Reading time: 2 menit
Ilustrasi: Ist.

Jakarta (Greeners) – Sistem Verifikasi Legalitas Kayu (SVLK) diharapkan menjadi jawaban atas tuntutan sustainable business di sektor kehutanan. Direktur Jenderal Pengelolaan Hutan Produksi Lestari (PHPL) Kementerian Lingkungan Hutan dan Kehutanan, Putera Pratama mengatakan bahwa SVLK telah menjamin tata kelola kehutanan secara lestari dan transparan dari hulu hingga hilir.

Indonesia sendiri, katanya, telah menetapkan secara wajib penggunaan SVLK sesuai dengan peraturan perundang-undangan dalam rangka memperbaiki tata kelola kehutanan dan memperbaiki reputasi produk perkayuan. Dalam konteks penerimaan SVLK di pasar internasional, Indonesia dan Uni Eropa telah meratifikasi Perjanjian Kemitraan Sukarela (FLEGT-VPA) masing-masing melalui Perpres tanggal 13 Maret 2014 dan Parlemen Uni Eropa tanggal 27 Februari 2014.

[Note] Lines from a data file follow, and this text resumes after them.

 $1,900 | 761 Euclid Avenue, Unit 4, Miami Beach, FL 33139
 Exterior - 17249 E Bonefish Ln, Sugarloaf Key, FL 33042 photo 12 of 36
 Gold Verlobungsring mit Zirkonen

“Perjanjian dengan Uni Eropa ini diharapkan berujung dengan implementasi penuh FLEGT-VPA mulai April 2016 (FLEGT-Licenced Timber). Ini berarti Indonesia merupakan negara pertama di dunia yang mempunyai perjanjian semacam ini dengan Uni Eropa beserta spektrum dampak politisnya. Implementasi penuh SVLK memiliki makna produk kayu Indonesia dapat masuk ke pasar Uni Eropa tanpa melalui pemeriksaan kepabeanan (uji tuntas/due diligence),” katanya, Jakarta, Jumat (18/03).

Menurut Putera, saat ini peraturan tersebut sedang dalam proses revisi dan diharapkan perubahan regulasi ini akan mengedepankan perbaikan tata kelola kehutanan (good governance) serta keberpihakan pada Usaha Mikro Kecil Menengah (UMKM). Diantara beberapa poin perubahannya termasuk masa berlaku sertifikat bagi pelaku usaha atau hutan hak, industri kecil dan industri pengguna kayu rakyat menjadi enam tahun masa sertifikat dan dua tahun penilikan, yang mana semula tiga tahun masa sertifikat dan satu tahun penilikan.

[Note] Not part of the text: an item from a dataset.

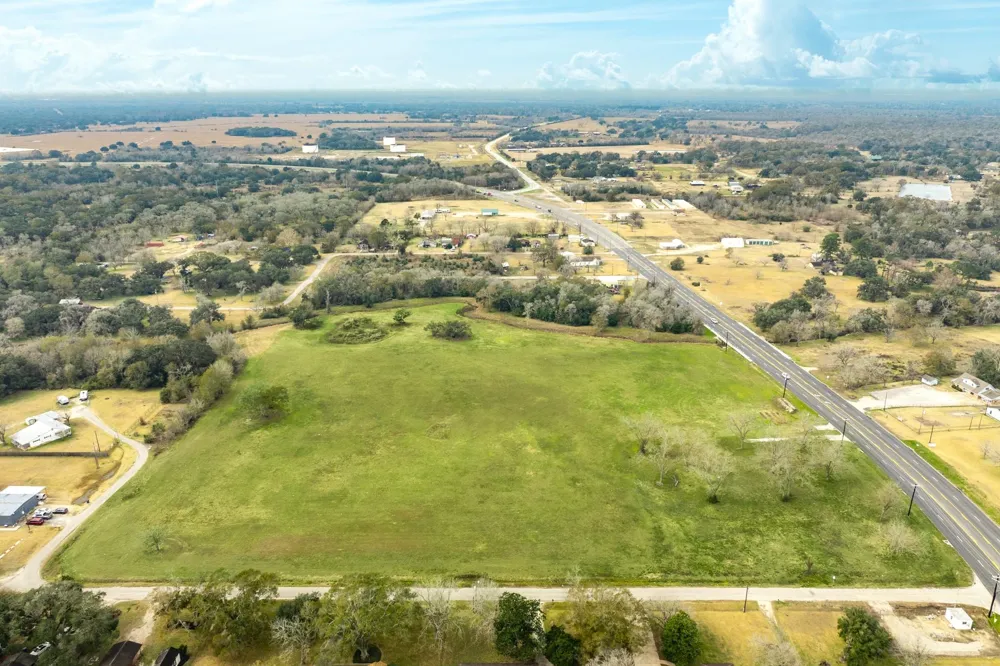 1311 West Brazos Ave West Columbia, TX 77486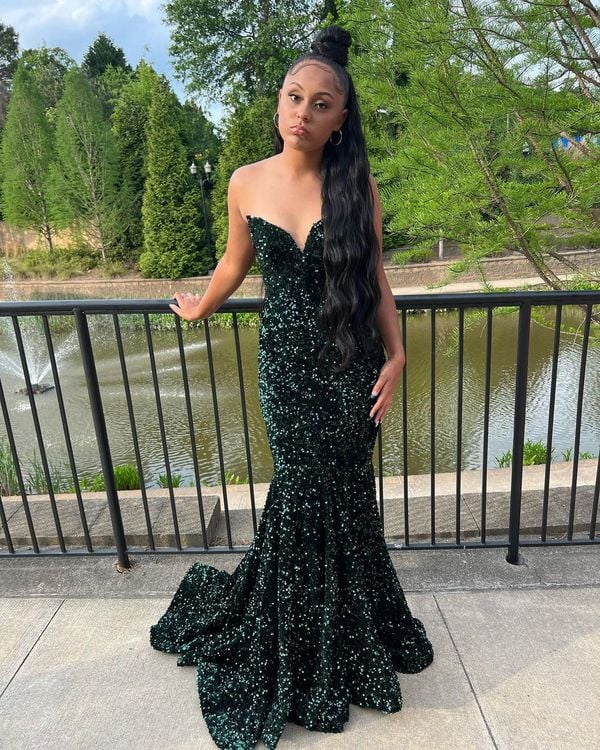 Cute Mermaid V Neck Dark Green Sequins Long Prom Dresses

Selain itu, peraturan ini juga untuk memastikan keterlacakan penggunaan bahan baku yang terjamin berasal dari “hulu” yang telah lolos SVLK (berstatus legal). Lalu, penegasan tidak boleh diekspornya produk kayu yang berasal dari hasil lelang dari kegiatan temuan, sitaan, rampasan melalui proses pengadilan.

“Selain itu, penguatan sistem SVLK melalui mekanisme pemantauan atau pengawasan yang dilakukan oleh LSM, Pemerintah Pusat dan Daerah juga akan diperkuat melalui revisi ini,” tutupnya.

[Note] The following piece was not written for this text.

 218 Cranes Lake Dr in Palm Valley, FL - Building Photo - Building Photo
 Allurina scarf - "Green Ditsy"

Sebagai informasi, SVLK sendiri ditetapkan dengan Permenhut P.38/Menhut-II/2009, yang selanjutnya diatur dengan Permenhut Nomor: P.43/2014 jo. No. P.95/2014 tentang Standar dan Pedoman Penilaian Kinerja Pengelolaan Hutan Produksi Lestari dan Verifikasi Legalitas Kayu pada Pemegang Izin atau pada Hutan Hak.

Dengan diterbitkannya Permen LHK yang baru, diharapkan peran Pemda semakin besar dalam mendorong implementasi SVLK, di antaranya dengan membimbing pelaku usaha yang belum ber-SLK untuk dapat segera ber-SLK secara berkelompok, serta mendorong menyelesaikan persoalan perizinan yang selama ini dianggap terlalu birokratis.